- _What to work on_:
From the entries below, print exactly the span beginning with the line holding "Adoremay Bright Pink" and ending with the line holding "Deko-Buddha sitzend, ca.", endpoints included, and skip any pictures.

- _Provided material_:
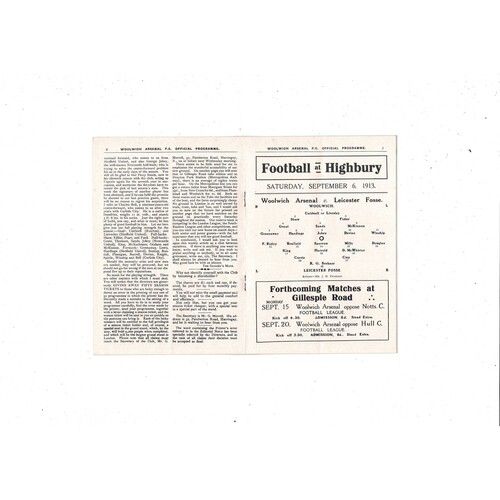 1963/64 Arsenal v Leicester City Football Programme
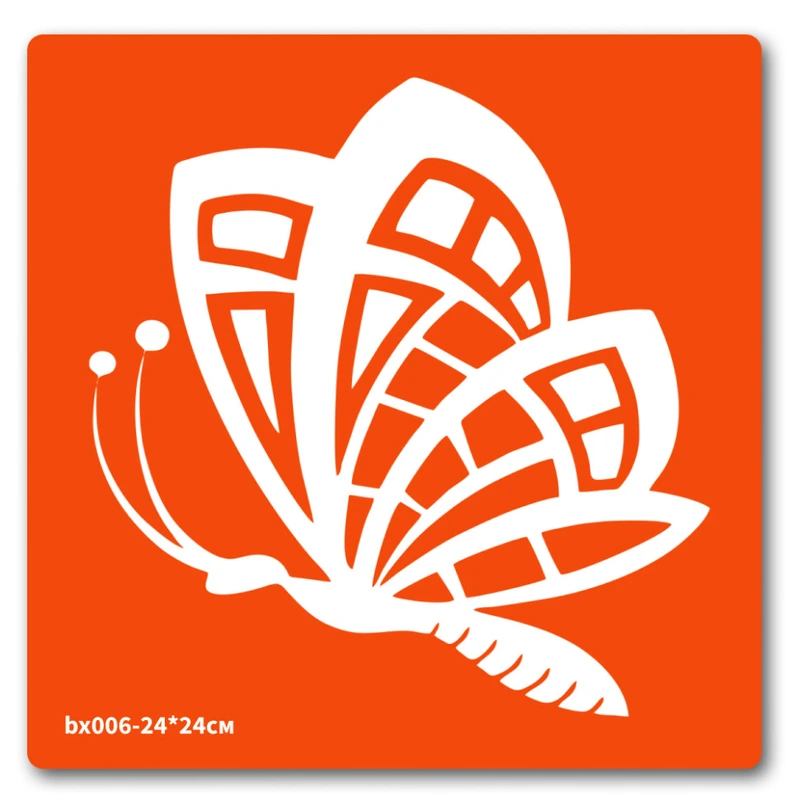 Трафарет для біо-тату Метелики bx006-24*24см, розмір 24 х 24см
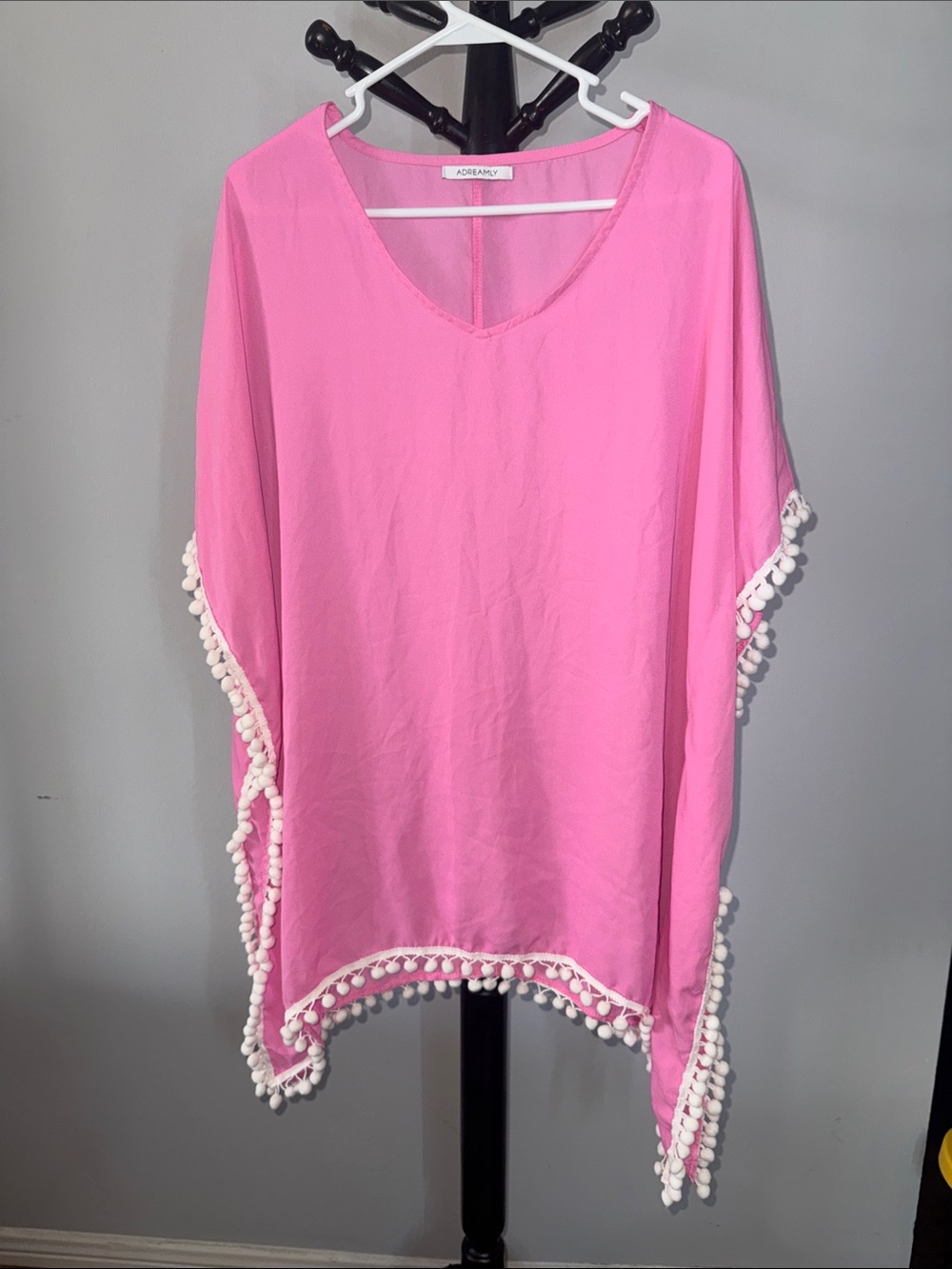 Adoremay Bright Pink Pom-Pom V-Neck Swim Cover-Up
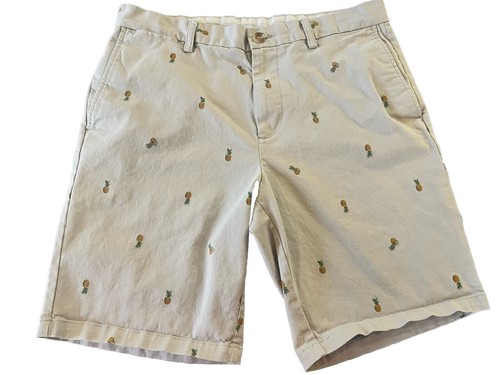 Old Navy Men’s Size 34 Khaki Pineapple Print Ultimate Slim Shorts Coastal Summer
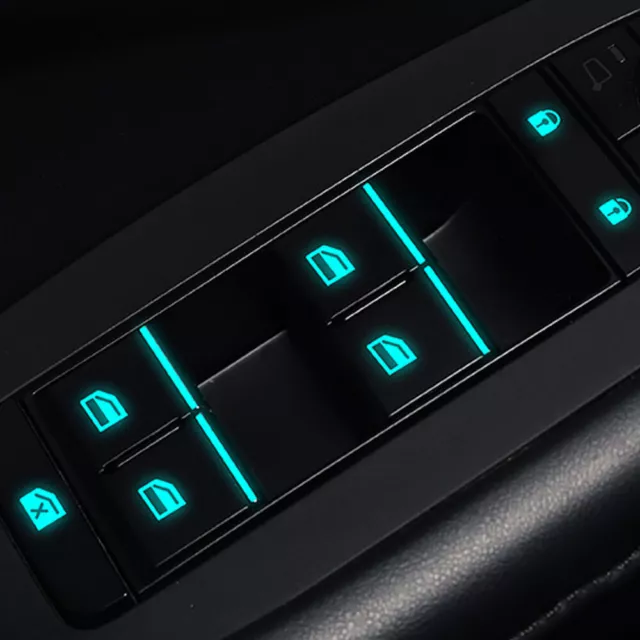Universal Luminous Blue Car Interior Window Door Switch Sticker Car Accessories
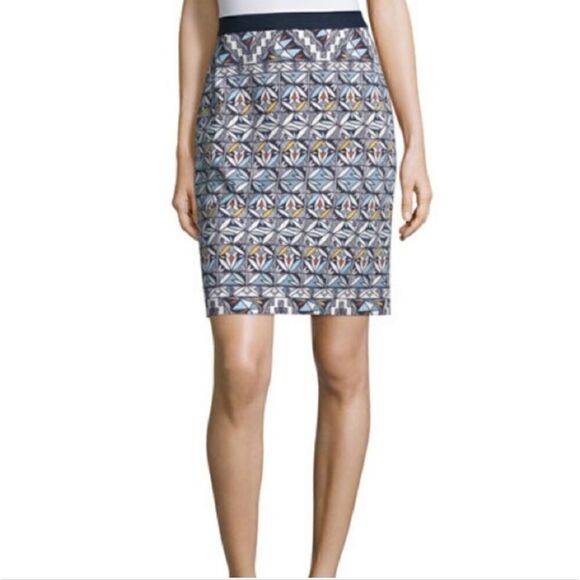 Tory Burch | Riviera Blue Acoma Stretch Geometric Skirt - Picture 1 of 8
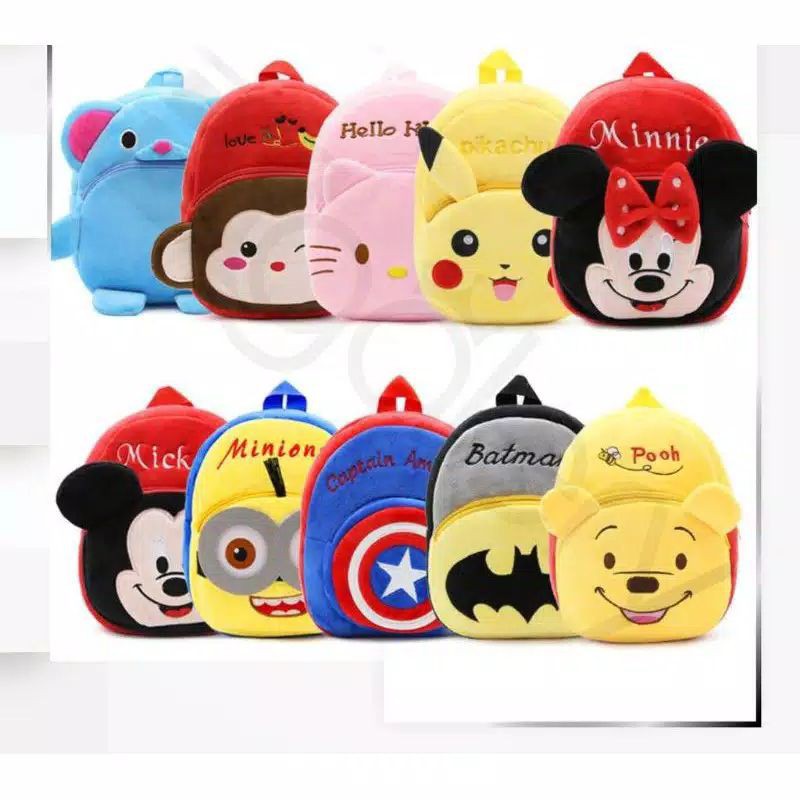 GB TAS RANSEL ANAK KARAKTER MOTIF KARTUN BAHAN BLUDRU IMPORT
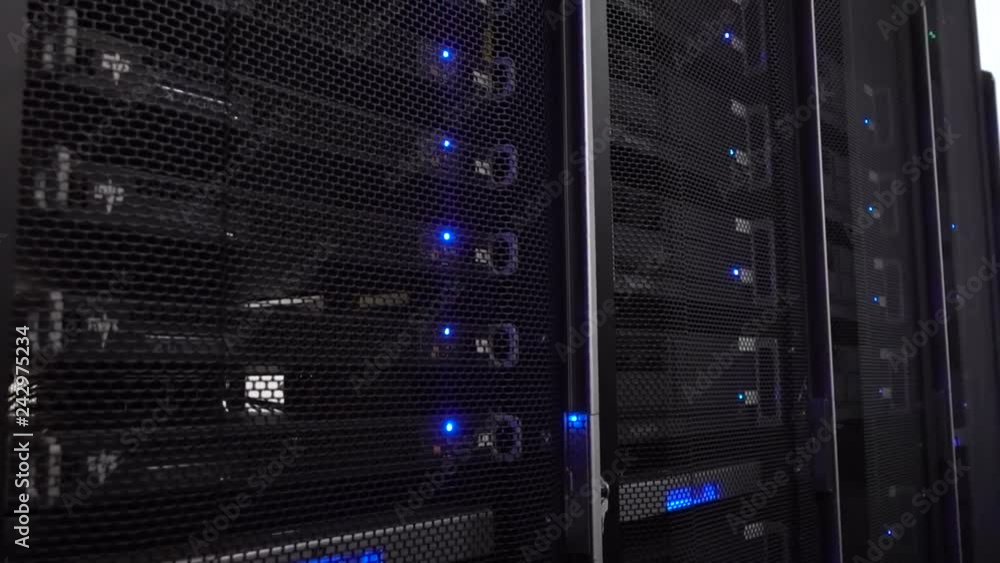 Poster server room. web internet and network telecommunication technology, big data storage supercomputer. 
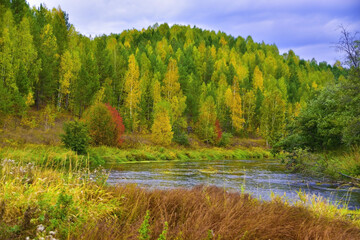 Shakva river in autumn decoration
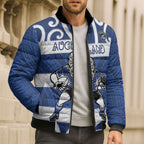 Auckland Custom Rugby New Zealand Bomber Puffer Jacket Aotearoa Maori Pukana Tiki Mascot
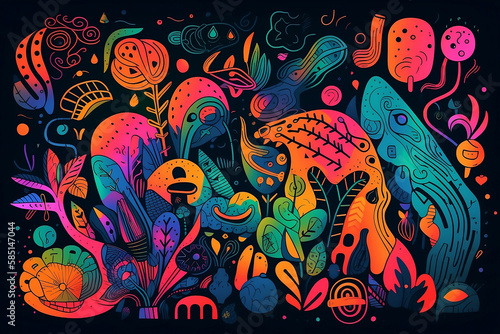 colorful illustration of abstract shapes and doodles in neon colors on dark background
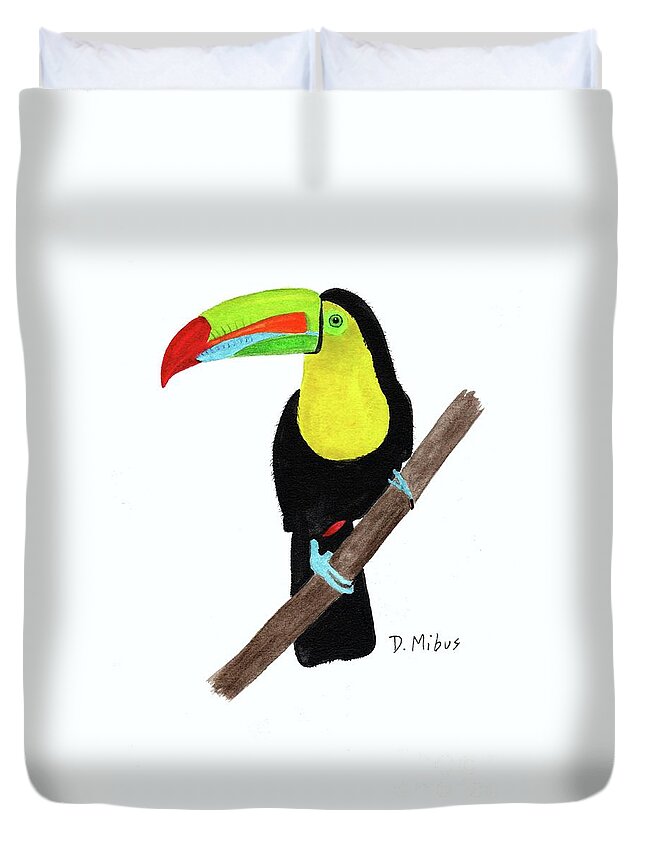 Keel-billed Toucan Duvet Cover featuring the painting Keel-Billed Toucan Day 3 Challenge by Donna Mibus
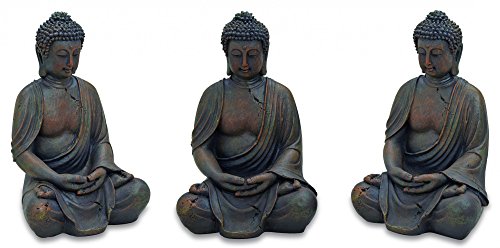 Deko-Buddha sitzend, ca. 40cm hoch in Braun | Buddha-Figur für Wohnung, Haus & Garten | Buddha-Statue, Wohnaccessoire ideal als Geschenk | Buddha-Skulptur Feng Shui Dekoration | Garten-Figur - 4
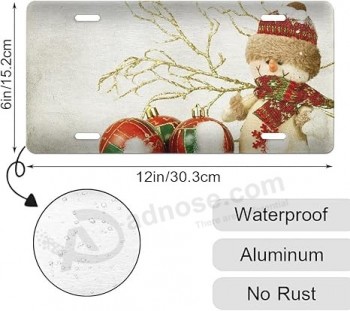 Targhe anteriori per auto con pupazzo di neve di fascia alta personalizzate Pupazzo di neve invernale e palle di Natale rosse Piastre di vanità per auto in metallo in alluminio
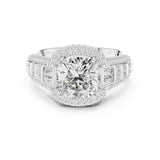 Cushion Lab Grown Diamond Halo Engagement Ring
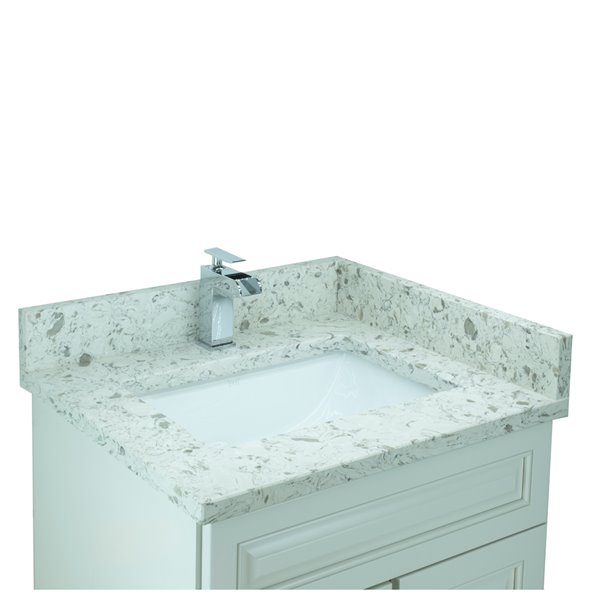 LUKX Bold Damian 31-in Antique White Single Sink Bathroom Vanity with Milky Way Quartz Top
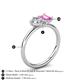 5 - Nadya Pear Shape Forever Brilliant Moissanite & Emerald Shape Pink Sapphire 2 Stone Duo Ring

- _Response below_:
 Adoremay Bright Pink Pom-Pom V-Neck Swim Cover-Up
 Old Navy Men’s Size 34 Khaki Pineapple Print Ultimate Slim Shorts Coastal Summer
Universal Luminous Blue Car Interior Window Door Switch Sticker Car Accessories
 Tory Burch | Riviera Blue Acoma Stretch Geometric Skirt - Picture 1 of 8
 GB TAS RANSEL ANAK KARAKTER MOTIF KARTUN BAHAN BLUDRU IMPORT
 Poster server room. web internet and network telecommunication technology, big data storage supercomputer. 
 Shakva river in autumn decoration
 Auckland Custom Rugby New Zealand Bomber Puffer Jacket Aotearoa Maori Pukana Tiki Mascot
 colorful illustration of abstract shapes and doodles in neon colors on dark background
 Keel-billed Toucan Duvet Cover featuring the painting Keel-Billed Toucan Day 3 Challenge by Donna Mibus
 Deko-Buddha sitzend, ca. 40cm hoch in Braun | Buddha-Figur für Wohnung, Haus & Garten | Buddha-Statue, Wohnaccessoire ideal als Geschenk | Buddha-Skulptur Feng Shui Dekoration | Garten-Figur - 4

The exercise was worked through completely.